19 de janeiro de 2019

Gal Costa "A Pele do Futuro" (Biscoito Fino, 2018)


Sacudir a dor - chega a Portugal o novo disco de Gal Costa na semana em que a cantora atua no Porto e em Lisboa



Em 2011, em “Recanto”, dava voz àquilo que qualquer pessoa com mais de 40 anos sente, de manhã, quando põe o pé fora da cama: “Dói/ Tudo dói.” Depois, em 2015, meses antes de fazer 70 anos, decidiu chutar a dor, ali, bem para o meio do buraco na camada de ozono, com “Estratosférica”. Agora, em “A Pele do Futuro”, conforme adianta à imprensa brasileira, Gal Costa quis “cantar uma música de sofrimento, mas que ao mesmo tempo que você está cantando, está dançando”, e não é preciso ser herpetólogo nem teólogo para se dar com a serpente que se insinua, sibilante, por trás desse seu título. Logo quem. “Jibóia sou eu”, cantava ela em ‘Musa Cabocla’, num daqueles seus discos, raros, cujo alinhamento acolhia temas que se diriam dispostos a provocar os que lhes estivessem colocados imediatamente antes ou depois – no caso, em “Minha Voz” (1982), esses versos de Waly Salomão eram conduzidos pelos de Caetano Veloso em ‘Dom de Iludir’: “Não me venha falar / Na malícia de toda mulher/ Cada um sabe a dor/ E a delícia de ser o que é”, numa canção que curiosamente remetia para outra muito mais antiga, de Noel Rosa, oriunda dos anos 30. Era mais ou menos com isso que nessa altura Walter Benjamin sonhava ao sugerir que “passado, presente e futuro são tempos sobrepostos”, e é por partilhar dessa intuição que Marcus Preto, diretor artístico de “A Pele do Futuro”, afirma agora que “os tempos seguem cronologia peculiar e se cruzam a todo instante.” Do mesmo modo, Gal disse que o disco é como “olhar para frente, mas também para trás”, coisa que, como se sabe, tem corrido mal à música ocidental desde Orfeu.

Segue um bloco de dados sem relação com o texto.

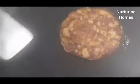Now we will cook it on the other side. When it is done and browned on both sides, we will be ready to serve.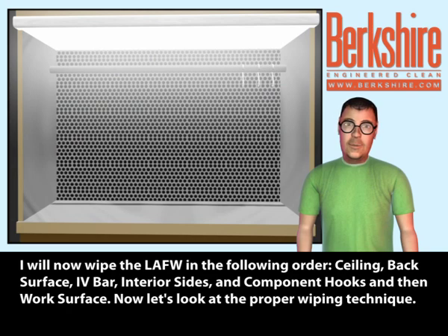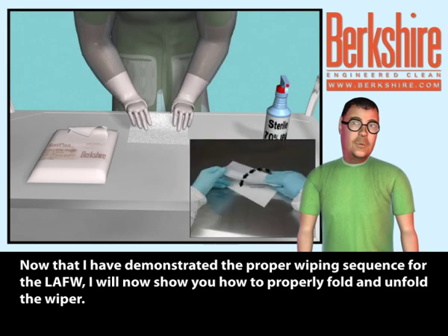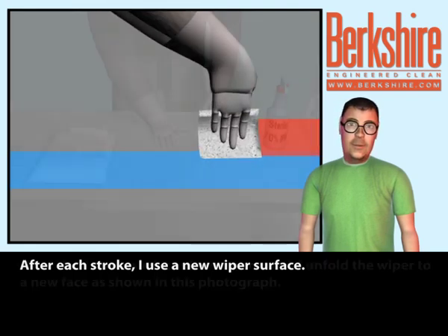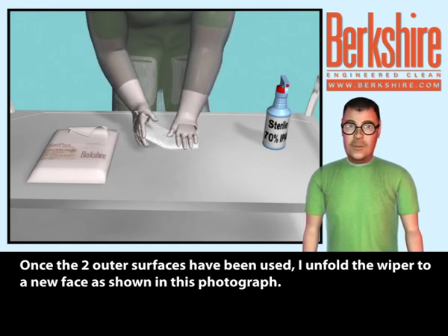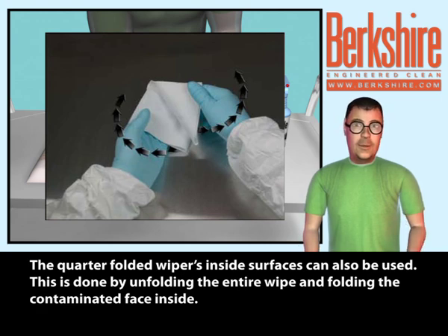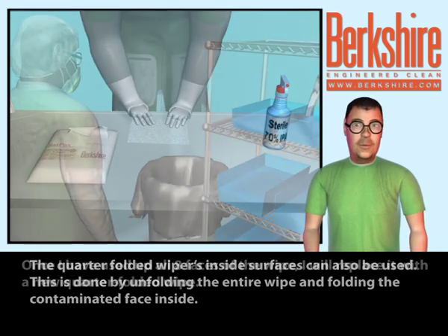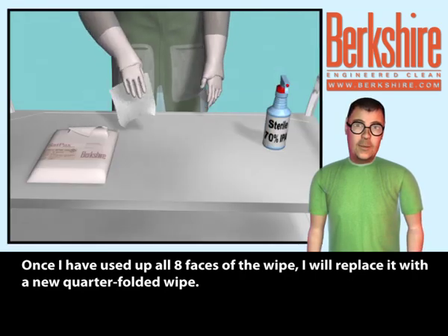Now let's look at the proper wiping technique. I will show you how to properly fold and unfold the wiper. After each stroke, I use a new wiper surface. Once the two outer surfaces have been used, I unfold the wiper to a new face. The quarter-folded wiper's inside surfaces can also be used by unfolding the entire wipe and folding the contaminated face inside. Once I've used up all eight faces of the wipe, I will replace it with a new quarter-folded wipe.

Mas Gal, como Caetano, habita um “ocidente ao ocidente do ocidente” e sabe contrapor um mito a outro como quem num álbum põe uma canção a seguir à outra – aqui, terá preferido antes pensar em Perseu, que evitou ser transformado em pedra pelo olhar de Medusa ao observá-la só pelo reflexo do seu escudo. É que, como tem contado, a ideia para o disco surgiu quando o filho lhe “entrou pelo quarto com Gloria Gaynor cantando ‘I Will Survive’ e disse: ‘Mamãe, duvido que você conheça!’” Enganava-se, claro. Mas foi quando ouviu o desabafo que há 40 anos converte nas pistas de dança gente em estátuas de Rodin – “At first I was afraid, I was petrified/ Kept thinking I could never live without you by my side/ But then I spent so many nights thinking how you did me wrong/ And I grew strong” – que Gal entendeu que, quanto muito, podia ver o passado refletido numa bola de espelhos. De facto, o melhor de “A Pele do Futuro” é uma variação sobre o tema em registo ora disco sound, ora quiet storm: “Você vale a luta/ Mas por favor, meu amor, me escuta/ Viver comigo vive sim/ Mas também vive sem mim”, em ‘Sublime’ (Dani Black); “Fomos felizes/ E felizes fomos/ E se já não somos/ Não se preocupe não”, em ‘Palavras no Corpo’ (Silva/Omar Salomão); “Amar sozinho também é amor”, em ‘Cuidando de Longe’ (Marília Mendonça); “Vou seguir a minha vida/ Não sou mais uma menina/ Tenho que enfrentar o mal/ Seja lá qual for/ Me fortalecer na dor”, em ‘Vida que Segue’ (Hyldon), etc. Isto é Gal no seu terreno predileto, que é aquele que os Earth, Wind & Fire apelidaram de ‘Boogie Wonderland’ ao refletir exatamente sobre as mesmíssimas coisas: “The mirror stares you in the face/ And says: Baby, uh, uh, it don't work/ You say your prayers though you don't care/ You dance and shake the hurt.” Nem mais.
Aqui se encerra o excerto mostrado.